Generally, the operating system provides a timer interface, but the timer management algorithm provided by the operating system may not be satisfactory in managing large-scale timers. In the process of embedded development, due to the requirement of developing services, a plurality of timers with precision on the millisecond level and small jitter range are required to be provided frequently. Especially in a real-time operating system, a good software timer implementation requires higher precision, less processor overhead, and occupies less memory resources. Therefore, it is important to design an efficient timer function to improve the processing efficiency of the system.

Disclosure of Invention

The embodiment of the application provides a method for implementing a software timer for an embedded system, and solves the problems that the software timer occupies more processor resources and the embedded system has lower processing efficiency in the prior art.

The embodiment of the application provides a method for realizing a software timer for an embedded system, which comprises the following steps:

step 1, a hardware timer periodically generates hardware interrupt, and the hardware interrupt drives a software timer;

step 2, the software timer inquires whether a task of the software timer needs to be awakened;

step 3, if the embedded system needs to be awakened, entering a software timer task processing flow, wherein the software timer task queries an activation linked list of the embedded system and sends a message to an expired timer thread;

and 4, the timer thread receives the message and executes the service.
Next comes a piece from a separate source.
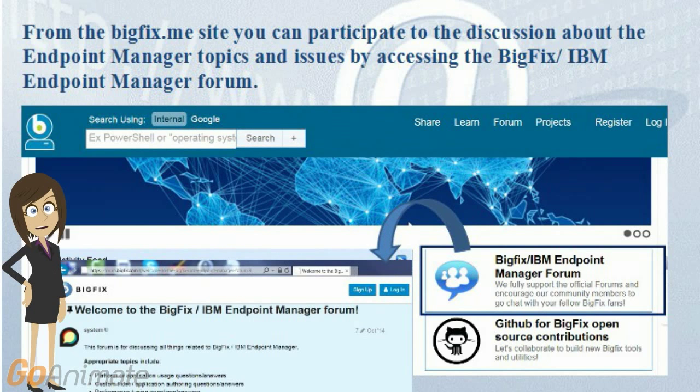From the BigFix.me site, you can participate in the discussion about endpoint manager topics and issues by accessing the BigFix IBM endpoint manager forum.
Preferably, the querying, by the software timer in step 2, whether the software timer task needs to be woken up includes:

step 2.1, acquiring the current total beat number of the embedded system;

step 2.2, acquiring the minimum expiration time of the embedded system;

and 2.3, comparing whether the minimum expiration time is the same as the current total beat number, if so, judging that the software timer task needs to be awakened, otherwise, not awakening the software timer task.
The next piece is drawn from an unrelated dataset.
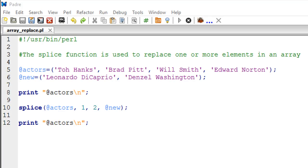Hello guys, welcome to my channel. This is the ninth tutorial in this course, and in this tutorial we're going to see how we can perform the replace operation on arrays in Perl.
Preferably, the software timer task processing flow in step 3 includes:

step 3.1, acquiring a mutual exclusion lock of the activated linked list;

step 3.2, judging whether the number of nodes in the activation linked list is zero, and if the number of nodes in the activation linked list is zero, executing the step 3.10; otherwise, executing step 3.3;

step 3.3, traversing the activated linked list in sequence;

step 3.4, judging whether the expiration time of the software timer is less than the current total beat number of the embedded system, if so, executing step 3.5; otherwise, executing step 3.8;

step 3.5, recording the task number of the expired timer thread;

step 3.6, inquiring the type of the software timer, and if the software timer is a disposable timer, executing step 3.7; otherwise, executing step 3.4;

step 3.7, removing the software timer from the activation linked list, modifying the state of the software timer into a non-enabled state, and executing the step 3.4;

step 3.8, judging whether the expiration time of the software timer is less than the minimum expiration time of the embedded system, if so, executing step 3.9; otherwise, executing step 3.10;

step 3.9, updating the minimum expiration time of the embedded system;

step 3.10, releasing the mutual exclusion lock of the activated linked list;

step 3.11, sending a message to an expired timer thread;

and 3.12, ending.

Preferably, step 1 further comprises:

step a, establishing a software timer;

and b, activating a software timer.

Preferably, the creating of the software timer of the step a comprises:

step a1, applying for a memory;

step a2, creating a timer node;

step a3, an initialization operation is performed.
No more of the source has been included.